Our team is young, creative, and passionate. We have more than 50 employees with their diverse experience working in start-up companies.
Description:
About your responsibilities for the Role:
- Perform data exploration, data cleaning, data imputation, and feature engineering on unstructured and structured data.
- Build the infrastructure for optimal extraction, transformation, and loading (ETL) of data from a wide variety of data sources.
- Develop and maintain optimal data pipeline architecture for training statistical and machine learning models such as regression and classification.
- Develop and maintain evaluations to measure the effectiveness of training data.
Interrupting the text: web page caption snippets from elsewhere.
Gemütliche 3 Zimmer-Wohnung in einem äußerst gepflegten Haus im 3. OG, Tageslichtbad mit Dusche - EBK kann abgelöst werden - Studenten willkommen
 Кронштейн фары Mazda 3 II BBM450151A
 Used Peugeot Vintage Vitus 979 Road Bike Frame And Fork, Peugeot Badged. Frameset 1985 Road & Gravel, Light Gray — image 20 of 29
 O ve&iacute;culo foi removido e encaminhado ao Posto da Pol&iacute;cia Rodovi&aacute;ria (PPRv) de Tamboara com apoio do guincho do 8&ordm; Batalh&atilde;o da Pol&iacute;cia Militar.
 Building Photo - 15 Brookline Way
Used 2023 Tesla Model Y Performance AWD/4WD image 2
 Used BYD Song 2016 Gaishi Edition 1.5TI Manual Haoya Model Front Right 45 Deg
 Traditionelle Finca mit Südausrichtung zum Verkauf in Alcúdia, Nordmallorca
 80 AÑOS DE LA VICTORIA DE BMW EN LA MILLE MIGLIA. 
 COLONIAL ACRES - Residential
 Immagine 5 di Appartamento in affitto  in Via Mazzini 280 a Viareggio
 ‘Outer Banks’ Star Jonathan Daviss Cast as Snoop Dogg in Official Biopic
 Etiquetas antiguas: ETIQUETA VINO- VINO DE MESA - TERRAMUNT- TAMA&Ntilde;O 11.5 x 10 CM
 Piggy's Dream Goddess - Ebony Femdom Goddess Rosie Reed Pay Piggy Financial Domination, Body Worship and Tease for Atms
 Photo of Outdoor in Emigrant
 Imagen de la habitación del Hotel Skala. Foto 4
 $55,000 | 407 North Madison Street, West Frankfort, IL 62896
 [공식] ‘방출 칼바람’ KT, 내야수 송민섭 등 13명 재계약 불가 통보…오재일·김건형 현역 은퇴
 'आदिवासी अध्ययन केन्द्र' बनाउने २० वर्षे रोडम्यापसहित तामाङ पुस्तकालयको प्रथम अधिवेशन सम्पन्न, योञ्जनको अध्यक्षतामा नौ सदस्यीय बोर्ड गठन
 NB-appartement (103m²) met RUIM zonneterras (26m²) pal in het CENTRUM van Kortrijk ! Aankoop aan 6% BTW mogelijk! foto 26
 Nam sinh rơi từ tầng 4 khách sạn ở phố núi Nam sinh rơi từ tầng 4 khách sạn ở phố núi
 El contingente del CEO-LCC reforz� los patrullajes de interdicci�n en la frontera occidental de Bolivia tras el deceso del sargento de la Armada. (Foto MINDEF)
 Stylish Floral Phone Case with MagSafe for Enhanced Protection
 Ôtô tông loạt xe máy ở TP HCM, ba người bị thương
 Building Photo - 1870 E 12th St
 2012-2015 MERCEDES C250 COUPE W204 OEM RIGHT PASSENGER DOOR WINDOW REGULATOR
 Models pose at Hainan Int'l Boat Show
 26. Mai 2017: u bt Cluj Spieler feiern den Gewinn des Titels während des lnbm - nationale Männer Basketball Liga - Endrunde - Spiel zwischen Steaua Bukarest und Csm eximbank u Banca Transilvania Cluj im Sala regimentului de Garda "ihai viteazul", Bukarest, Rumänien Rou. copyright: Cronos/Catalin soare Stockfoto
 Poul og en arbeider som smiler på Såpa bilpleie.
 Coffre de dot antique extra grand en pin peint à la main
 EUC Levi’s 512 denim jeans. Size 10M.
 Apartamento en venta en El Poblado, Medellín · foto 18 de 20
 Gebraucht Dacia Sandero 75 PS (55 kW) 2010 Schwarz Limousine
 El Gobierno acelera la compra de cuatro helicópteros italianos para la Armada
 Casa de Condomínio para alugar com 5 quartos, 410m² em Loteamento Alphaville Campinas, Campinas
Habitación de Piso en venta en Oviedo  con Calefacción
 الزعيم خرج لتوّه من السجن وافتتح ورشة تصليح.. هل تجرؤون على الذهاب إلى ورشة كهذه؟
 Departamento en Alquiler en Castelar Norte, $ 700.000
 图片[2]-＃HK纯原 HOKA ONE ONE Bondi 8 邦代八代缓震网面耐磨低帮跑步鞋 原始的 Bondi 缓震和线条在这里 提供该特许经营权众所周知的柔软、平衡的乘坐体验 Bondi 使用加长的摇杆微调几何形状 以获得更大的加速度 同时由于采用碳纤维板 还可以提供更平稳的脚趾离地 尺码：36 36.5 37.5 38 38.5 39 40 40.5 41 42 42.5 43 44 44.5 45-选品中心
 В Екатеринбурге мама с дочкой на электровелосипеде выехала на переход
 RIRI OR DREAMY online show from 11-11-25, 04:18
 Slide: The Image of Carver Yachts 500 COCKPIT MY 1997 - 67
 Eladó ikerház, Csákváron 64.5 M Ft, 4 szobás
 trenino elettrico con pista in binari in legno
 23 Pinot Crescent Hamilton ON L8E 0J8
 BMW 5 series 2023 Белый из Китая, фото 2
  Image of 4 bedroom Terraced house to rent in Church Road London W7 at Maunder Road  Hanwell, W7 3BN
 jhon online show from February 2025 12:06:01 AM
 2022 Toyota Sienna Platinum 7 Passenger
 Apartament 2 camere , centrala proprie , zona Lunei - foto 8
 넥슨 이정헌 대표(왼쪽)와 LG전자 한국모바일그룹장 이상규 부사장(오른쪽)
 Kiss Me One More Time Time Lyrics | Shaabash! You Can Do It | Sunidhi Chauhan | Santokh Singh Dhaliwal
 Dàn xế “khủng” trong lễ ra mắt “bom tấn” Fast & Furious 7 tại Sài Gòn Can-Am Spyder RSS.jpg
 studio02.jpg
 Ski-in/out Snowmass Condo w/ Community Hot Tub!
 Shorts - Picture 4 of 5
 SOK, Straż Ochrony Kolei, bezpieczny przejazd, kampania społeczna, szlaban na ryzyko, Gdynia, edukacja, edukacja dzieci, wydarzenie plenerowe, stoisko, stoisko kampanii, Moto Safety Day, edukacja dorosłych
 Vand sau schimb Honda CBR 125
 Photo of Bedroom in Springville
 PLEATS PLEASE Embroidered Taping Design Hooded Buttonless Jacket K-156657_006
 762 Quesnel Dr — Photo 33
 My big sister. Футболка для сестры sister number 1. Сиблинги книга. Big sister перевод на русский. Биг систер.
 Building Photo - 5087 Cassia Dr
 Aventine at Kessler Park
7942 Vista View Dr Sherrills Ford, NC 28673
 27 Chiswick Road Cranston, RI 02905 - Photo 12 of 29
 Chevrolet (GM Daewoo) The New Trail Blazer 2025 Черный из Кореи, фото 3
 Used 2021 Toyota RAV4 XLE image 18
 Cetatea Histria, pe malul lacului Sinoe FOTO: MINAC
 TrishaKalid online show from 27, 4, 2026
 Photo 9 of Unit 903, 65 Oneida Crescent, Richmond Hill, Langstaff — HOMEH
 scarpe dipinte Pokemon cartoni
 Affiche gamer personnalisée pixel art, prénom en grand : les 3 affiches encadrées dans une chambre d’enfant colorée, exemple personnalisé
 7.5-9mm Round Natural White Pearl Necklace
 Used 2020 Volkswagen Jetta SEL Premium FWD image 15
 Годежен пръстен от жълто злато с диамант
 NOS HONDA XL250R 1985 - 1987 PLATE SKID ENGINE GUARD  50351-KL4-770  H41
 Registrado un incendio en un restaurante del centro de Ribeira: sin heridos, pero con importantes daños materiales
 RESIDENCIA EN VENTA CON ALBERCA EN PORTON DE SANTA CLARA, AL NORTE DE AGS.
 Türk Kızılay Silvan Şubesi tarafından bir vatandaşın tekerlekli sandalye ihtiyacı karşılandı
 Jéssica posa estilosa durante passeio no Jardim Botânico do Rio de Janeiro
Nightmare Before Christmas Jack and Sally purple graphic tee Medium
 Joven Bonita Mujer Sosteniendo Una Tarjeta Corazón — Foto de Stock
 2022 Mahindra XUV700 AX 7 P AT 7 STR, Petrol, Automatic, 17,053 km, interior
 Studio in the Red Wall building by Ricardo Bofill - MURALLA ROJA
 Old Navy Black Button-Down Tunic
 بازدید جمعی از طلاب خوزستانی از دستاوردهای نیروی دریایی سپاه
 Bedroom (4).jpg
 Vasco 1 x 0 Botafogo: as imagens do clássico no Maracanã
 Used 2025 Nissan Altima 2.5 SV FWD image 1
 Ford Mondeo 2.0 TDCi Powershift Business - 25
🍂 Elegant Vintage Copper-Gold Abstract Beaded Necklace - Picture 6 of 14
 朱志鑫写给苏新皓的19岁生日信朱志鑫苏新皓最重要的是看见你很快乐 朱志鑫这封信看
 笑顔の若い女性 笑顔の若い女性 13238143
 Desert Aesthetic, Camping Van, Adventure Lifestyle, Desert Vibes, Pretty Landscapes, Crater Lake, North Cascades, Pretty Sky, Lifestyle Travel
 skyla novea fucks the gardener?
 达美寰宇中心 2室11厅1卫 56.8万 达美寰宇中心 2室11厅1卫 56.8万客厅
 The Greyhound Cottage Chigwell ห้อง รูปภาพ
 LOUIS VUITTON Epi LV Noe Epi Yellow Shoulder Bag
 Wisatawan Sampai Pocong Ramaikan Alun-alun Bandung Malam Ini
This includes measuring the capabilities of models on a variety of tasks and domains.
- Collaborate with data scientists and machine learning engineers to develop a comprehensive data science/machine learning solution pipeline.
Requirements:
What you need to have (Minimum Qualifications):
- Bachelor’s degree from computer science or related fields, or equivalent software engineering experience.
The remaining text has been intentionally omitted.